Living Stories
Mark 12:38-44
President Franklin Roosevelt created the March of Dimes in 1938. It was a brilliant idea — really an idea ahead of its time. His thinking was that if we all gave a little, our combined efforts would enable us to fight birth defects and polio.
In the town where I grew up in Northern Indiana the downtown stores stayed open until 8 p.m. on Monday evenings. Everyone ate supper early on Mondays, including most of us who lived on farms. Even if we didn’t have money to spend as we strolled up and down Main Street, we would spend our time window shopping and visiting with everyone else who was in the same boat.
During my high school years in the fifties, the Y-Teens headed up a project to raise money for the March of Dimes. We got permission to draw a chalk line down the sidewalk on the main downtown block. In our poodle skirts, pony tails and bobby socks, we stood behind the line all evening and shouted, “Put your dime on the line!” When the line was covered with dimes and if the guys weren’t busy combing their duck tails, they would help us scoop up the dimes in a coffee can and we would begin our chanting all over again.
In 1955 a loaf of bread cost fourteen cents and minimum wage was 75 cents per hour, so a dime wasn’t exactly a widow’s mite. It wasn’t much money for a few; but it was a lot for many. Some put all the dimes they had on the line. Others held back. Some made a big show of putting lots of dimes on the line; others quietly offered their dime or dimes. I suppose some gave out of their abundance, some out of their scarcity, their poverty.
As I thought about this long-ago fund raiser, I wondered if it was a custom just in our town or across the nation so I e-mailed David Rose, the archivist at the March of Dimes. Here’s just a part of his response:
“Dear Rev. Porter – Thanks for contacting the March of Dimes. The “dime line” fund-raiser that you describe sounds like a variation of the March of Dimes fund-raiser called “Mile of Dimes” that began in 1939. In this, a community was challenged to contribute one mile of dimes, lined up edge to edge, which is roughly 92,000 dimes, or $9,200. Special booths, and instructions for building them, were created to arrange all those dimes. “Mile of Dimes” lasted well into the 1960s, I believe. However, during the polio era, communities rallied to create March of Dimes fund-raising gimmicks and events of all kinds, and it’s quite amazing what a plethora of ideas there were: everything from spaghetti dinners, square dances, and turnip auctions to polio roadblocks, telethons, and high-society fashion shows.”
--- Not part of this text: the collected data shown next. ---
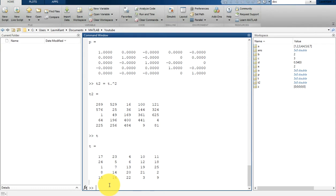Hi, welcome back to your new lesson. In this lesson we are going to learn about concatenation and array indexing. Concatenation is the process of joining arrays to make a larger one.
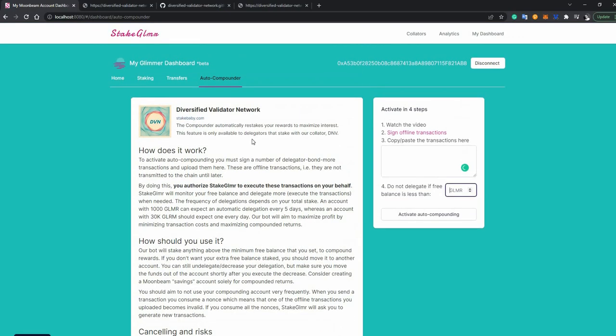Hey everybody, this is Ioannis from the Diversified Validator Network, soon to be rebranded to Stake Baby, so keep an eye on that. So today is February 20th, 2022,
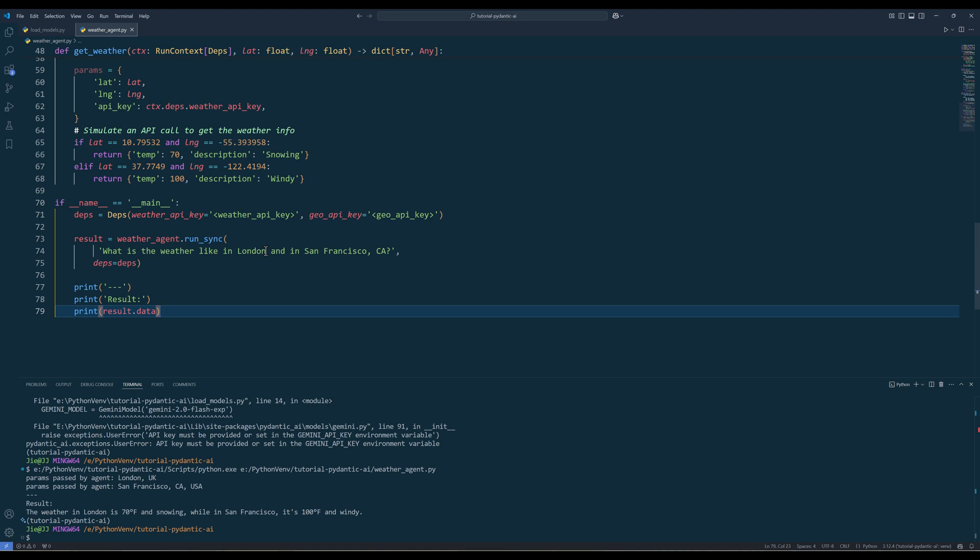This is just a very basic example showcasing how to create a generative AI agent using the Pydantic AI framework. I will cover more examples and detailed use cases in future videos to explore the framework in depth, so stay tuned. And don't forget to like the video and subscribe. Happy coding. See you in the next one.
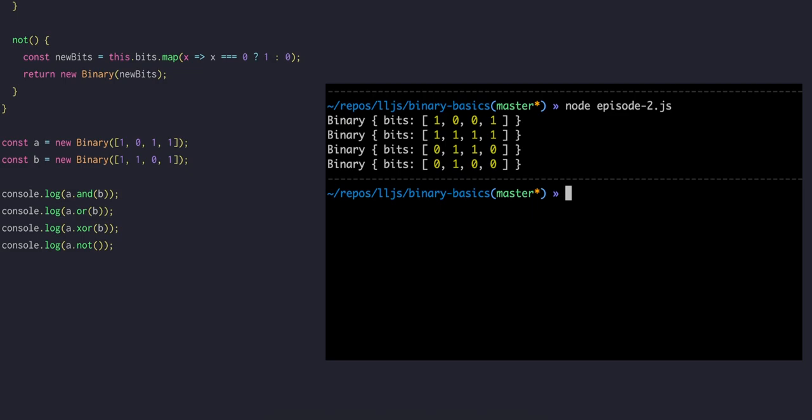For XOR, the only places that there's a 1 for A or for B, but not for both, is bit 1 and bit 2, so the output is 0 1 1 0. And lastly, NOT inverts all the bits of A, so the output is 0 1 0 0.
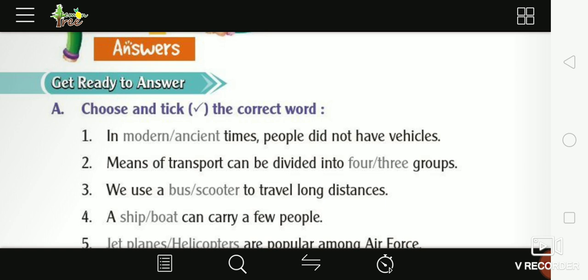First, we will go to ancient times. In ancient times, people did not have vehicles. Second, means of transport can be divided into three groups.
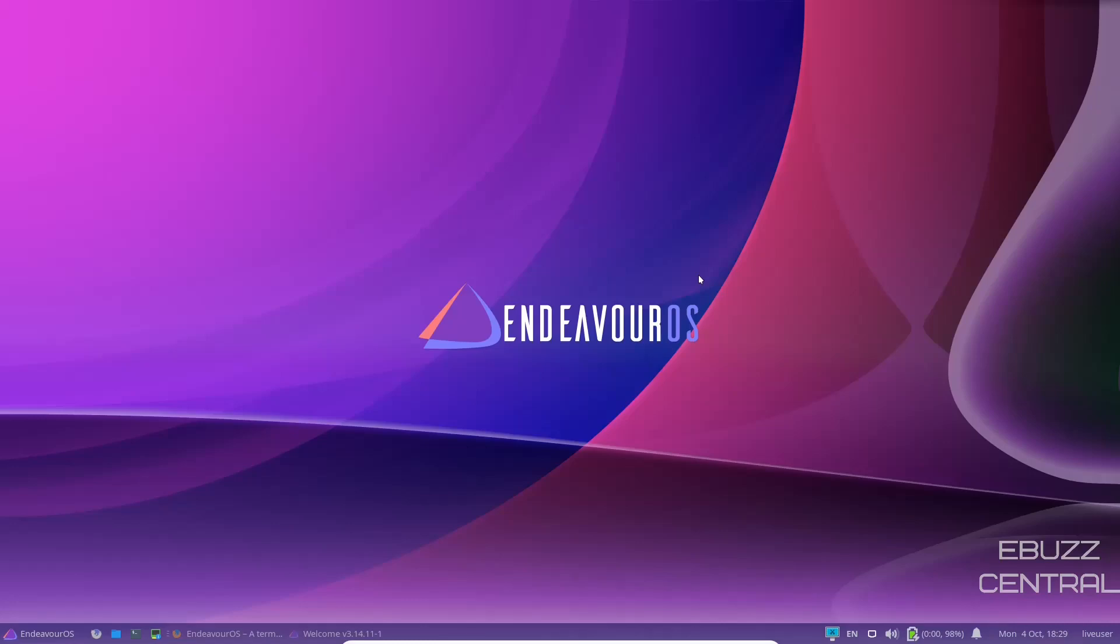Hey everybody, this is Troy with eBuzz Central. Today we're going to take a look at Endeavor OS XFCE.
“I reviewed some of these ideas in our fund-raising campaign guides of the 1950s, and I found one called “Buck on the Line” in which one Georgia community set up a clothesline around a city block and challenged passersby to contribute dollar bills to hang from clothespins thereon. I didn’t find the “dime line” idea, and this could well have been a local custom in Elkhart as you suggest, but the March of Dimes usually succeeded in circulating such ideas via its campaign guides.”
There wasn’t a dime line that day in Jerusalem but there was a charity drive, of sorts. We know a little bit about how it worked. We don’t know exactly how it worked from what Mark wrote. He was a master of the understated. He told skeleton stories that we are left to flesh out in ways that speak to each one of us individually.
Mark tells us that Jesus was teaching that day in the Temple about the scribes who made a big show of their importance while at the same time taking advantage of the poor. He sat down for a while with his followers and watched people put money in the treasury. Many rich people put in large sums. One widow gave everything she had — two small copper coins. We don’t know her motivation; we don’t know her name; we don’t know what happened to her after she gave her all.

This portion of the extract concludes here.